2) La finanza non può essere trascurata. Con quali lenti la politica monetaria guarda al cambiamento climatico? Nei più importanti documenti istituzionali, compresi quelli della Banca d’Italia, il tema è connesso ai parametri ESG (criteri ambientali, sociali e di governo), che permetterebbero la predisposizione di bond collegati agli obiettivi climatici. Purtroppo, le dinamiche finanziarie, anche quando inserite nella cornice dei parametri ESG, con difficoltà considerano alcuni rischi rilevanti; per esempio il rischio di erogare più credito-capitale nelle zone a minor vulnerabilità climatica – dove ci sarebbe meno necessità di credito-capitale da investire – rispetto ad aree ad alta vulnerabilità; o ancora il rischio speculativo, cioè la creazione di bolle in un nuovo macro settore ritenuto ad alto potenziale di redditività.

3) Sarebbe il caso di indagare la relazione tra andamento di CO2, Pil e struttura produttiva. Nonostante vi sia accordo pressoché unanime sull’obiettivo di ridurre la CO2 per contenere gli effetti climalteranti, questo orizzonte è stato storicamente interpretato da taluni come un vincolo alla crescita e/o come vincolo all’uso delle risorse naturali. Da diverse parti, inoltre, si è manifestata l’intenzione di introdurre tasse di scopo per implementare il principio di chi “inquina paga”.
Sarebbe molto più opportuna la rilevazione di una base imponibile coerente slegata dal consumo, introducendo un criterio di progressività connessa alla CO2.
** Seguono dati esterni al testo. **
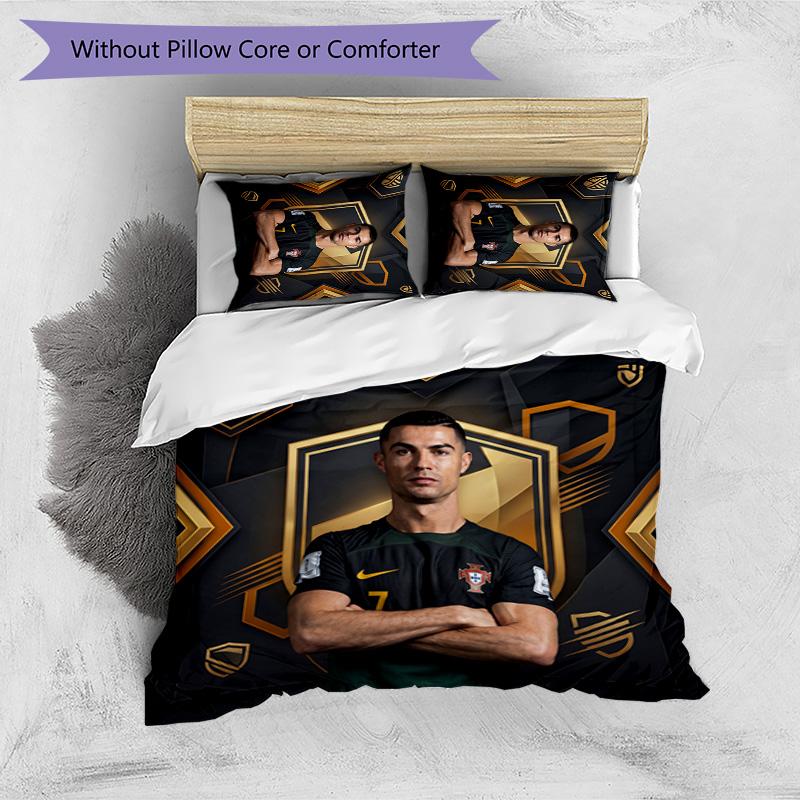Cristiano Ronaldo Printed Bedding 3 Piece Set Cozy Breathable Bed Cover Set as Housewarming Holiday Gift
La sfida più importante si colloca nella relazione tra emissione di CO2 e struttura produttiva (modello di sviluppo). Osservando alcuni indicatori di sistema dei principali paesi europei (brevetti, R&S, investimenti verdi, Pil), si osserva che non tutti i paesi registrano gli stessi andamenti. Le differenze sono legate alla struttura produttiva: tanto più questa è orientata alla green economy, tanto più mostra maggiori tassi di crescita e viceversa. La green economy poggia sull’industrializzazione della ricerca e la politica pubblica; la distanza tra i paesi fotografa il loro posizionamento tecno-economico e la relativa possibilità di diventare protagonisti del cambiamento.

Ad un primo livello di indagine, emerge come il settore della manifattura industriale, rispetto ad altri maggiormente considerati dalla narrazione mainstream (trasporti, agricoltura) sia quello che meglio di altri reagisce in termini di de-carbonizzazione rispetto agli stimoli coordinati di ricerca e sviluppo e brevettazione, oltre ad essere il settore strategico della green economy in quanto cede i beni utilizzati dai settori, agricolo, dei trasporti, della climatizzazione etc. La riflessione che proponiamo è quella di indagare la CO2 come processo dinamico e non come fenomeno comportamentale.